Araştırmada tehdidin somutlaştığı unsurlar arasında ilk sırayı yüzde 30,4 ile genel olarak “dış güçler” alıyor. Ancak doğrudan ülkeler bazında bakıldığında, İsrail’i tehdit olarak görenlerin oranı yüzde 10’a, ABD’yi tehdit olarak tanımlayanların oranı ise yüzde 4,2’ye ulaştı. Bu üç dışsal yanıtın toplamı Eylül 2025’te yüzde 44,5’e çıkarken, Haziran 2025’teki benzer bir çalışmada bu oran yalnızca yüzde 18,3 idi. Yiğitaslan, Gazze’deki insani kriz, Suriye sahasındaki gelişmeler ve ABD’nin YPG ile ilişkisi gibi güncel bölgesel krizlerin bu keskin artışta etkili olduğunu vurguladı.
Yiğitaslan, İsrail’in askeri gücünü etkili kullanması, ABD’nin şemsiyesi altında hareket etmesi ve Gazze’de yaşananlar nedeniyle bu ülkeye yönelik tehdit algısının derinleştiğini belirtti. İsrail'in "varoluşsal tehdit" olarak algılanmasında vicdani ve dini reflekslerin yanı sıra, uluslararası hukuk normlarından muaf hareket etmesi de rol oynadı.
Dış tehdit
Araştırma, parti tercihlerine göre tehdit algısında önemli bir konsolidasyon olduğunu gösterdi:
MHP seçmenlerinin yüzde 42,6’sı, Yeniden Refah Partisi (YRP) seçmenlerinin yüzde 40,9’u ve AK Parti seçmenlerinin yüzde 38,8’i en büyük tehdidin dış güçlerden geldiğini düşünüyor.

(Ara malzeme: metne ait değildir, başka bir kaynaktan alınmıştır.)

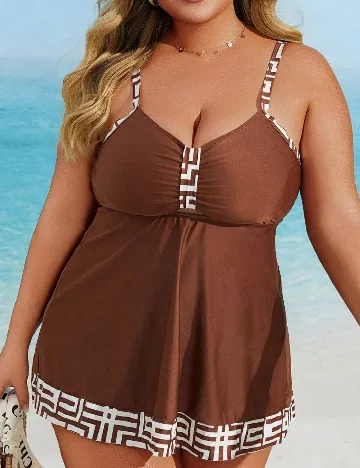 Costum de baie SHEIN CURVE, maro
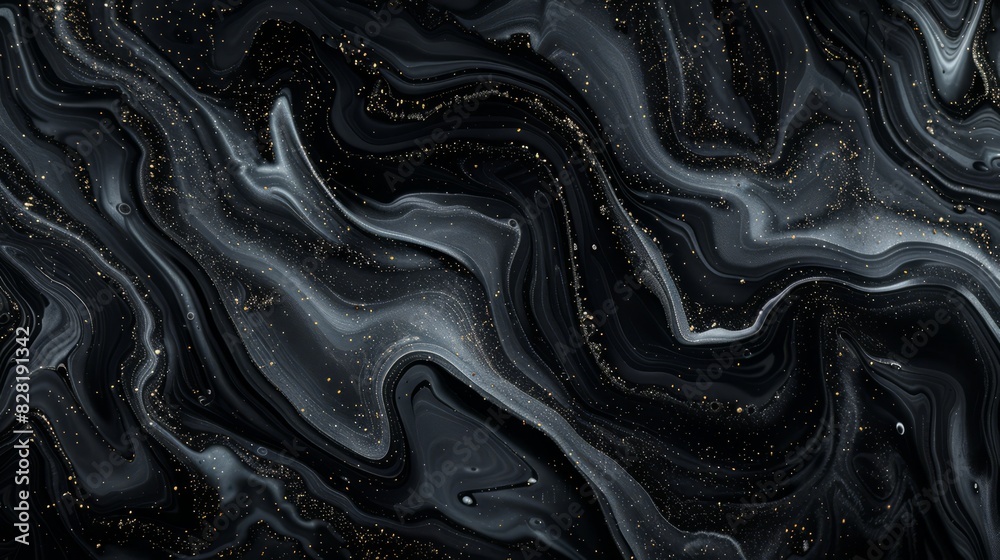 Obraz premium black fluid art marbling paint textured background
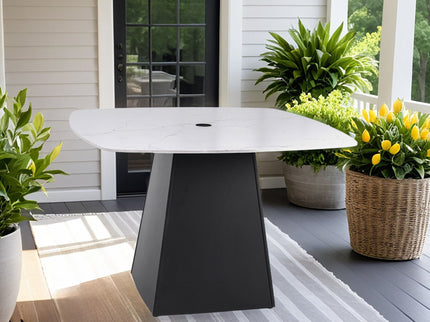 Rounded Square Outdoor Pedestal Dining Table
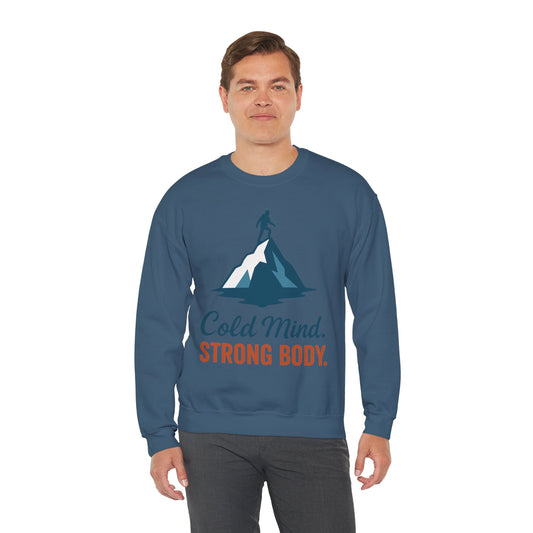Men's Heavy Blend™ Crewneck Sweatshirt, Cold Mind Strong Body Sweatshirt, Nordic Mountain Minimalist Pullover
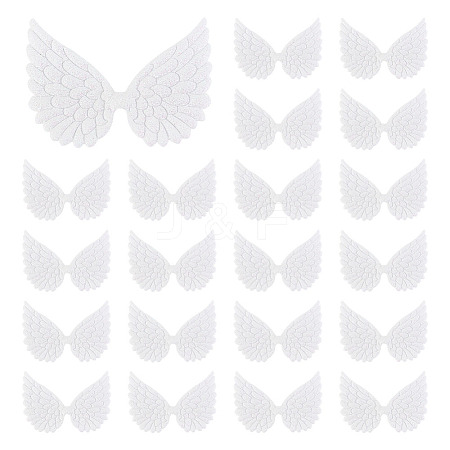 AHADEMAKER 50Pcs Cloth Embossed Wing Ornament Accessories FIND-GA0002-55-1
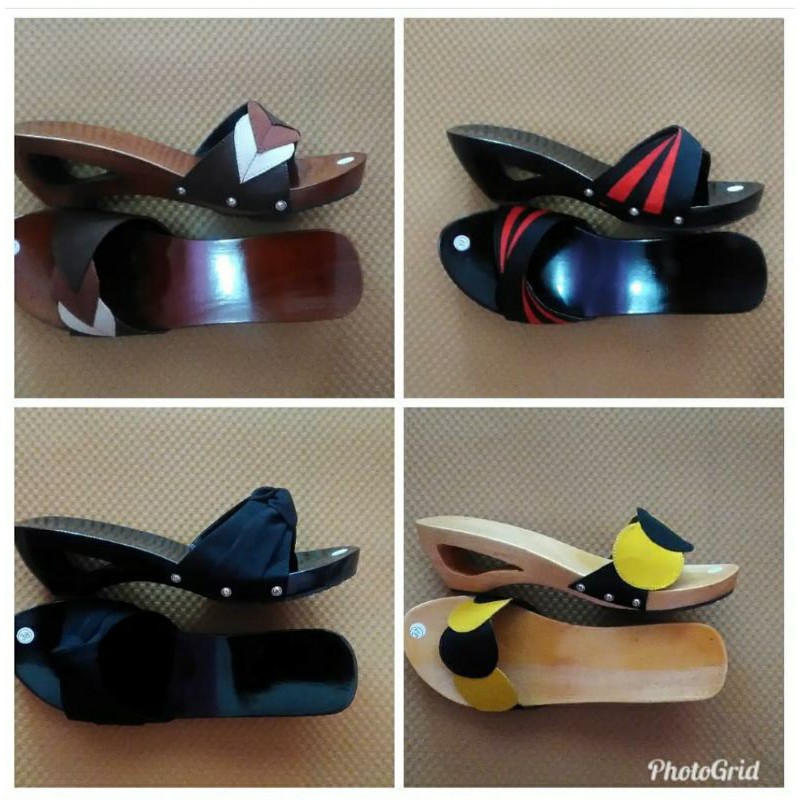 kelom geulis wedges 5 cm/sandal kayu 5cm/wedges kelom geulis 5cm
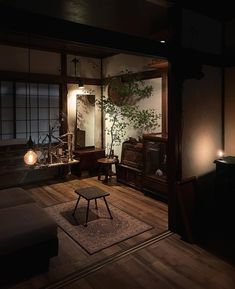 a living room filled with furniture and a plant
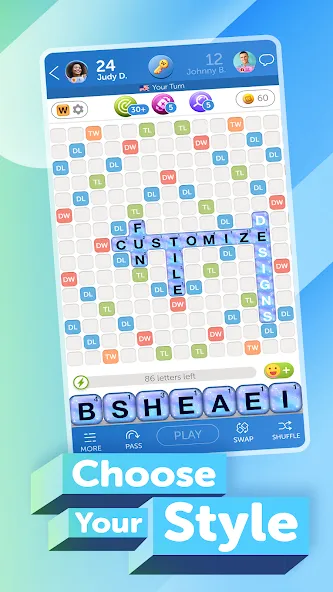 Words With Friends 2 Word Game MOD — Безлимитные подсказки и ходы на Андроид — скриншот 5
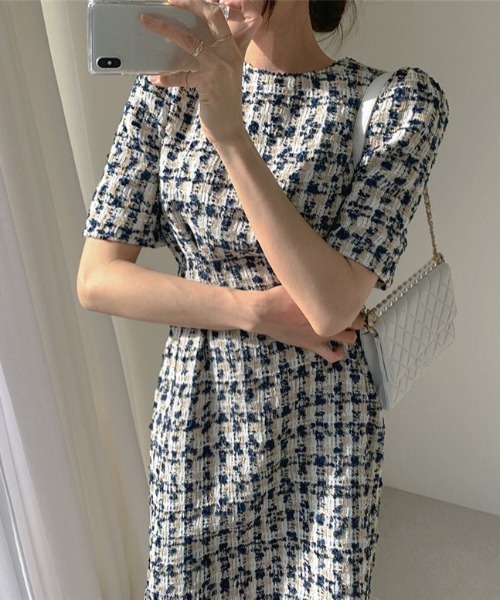 Opinion korean town（オピニオン コリアン タウン）の「ツイード ウエストタックワンピース（ワンピース・レディース・ベージュ/ネイビー・S/M/L）」の12枚目の写真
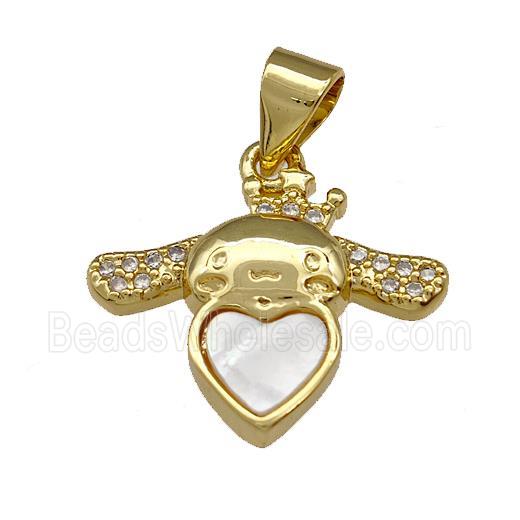 Copper Honeybee Pendant Pave Shell Zirconia 18K Gold Plated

DEM Parti seçmeninde İsrail’i tehdit olarak görenlerin oranı yüzde 17,8 ile ülke ortalamasının üzerinde yer alırken, CHP seçmeninde dış tehdit algısı (dış güçler, ABD, İsrail toplamı) Haziran’dan bu yana yüzde 10’dan yüzde 34,7’ye yükseldi.
Tehdit algısı yaş gruplarına göre de ciddi farklılıklar gösteriyor:
(18–34 yaş): Bu gruplar dış aktörlerden çok işsizlik, geçim sıkıntısı ve geleceğe dair belirsizlikleri tehdit olarak tanımlıyor. Dış güçler yanıtını en az veren kesim oldu.
(35 yaş üstü): Geçmiş krizleri doğrudan yaşamış bu gruplarda ise “dış güçler” algısı daha somut ve yakın bir risk olarak yer tutuyor.
Eğitim seviyesi arttıkça genel tehdit algısı yükselse de (üniversite ve üzeri: %73,3), düşük eğitim düzeylerinde tehdidin tanımı dış güçler iken, yüksek eğitim düzeyinde ekonomi, adalet ve kurumsal işleyiş gibi içsel kırılganlıklar öne çıkıyor.
Çalışma durumuna göre, öğrencilerde İsrail’e yönelik tehdit algısı güçlü (%15,2), devlet memurlarında ABD algısı (%12,9) dikkat çekiyor. Bordrolu kamu işçilerinde ise ekonomik kriz tehdidi yüzde 26,1 ile ön plana çıkıyor.
Yiğitaslan, dış tehdit algısındaki bu yükselişin Gazze, Suriye, ekonomik yaptırımlar gibi çok sayıda etkenin birleşimiyle oluştuğunu ve özellikle İsrail’in tehdit tanımında ABD’yi geride bırakmasının dikkat çekici bir kırılma olduğunu ifade etti.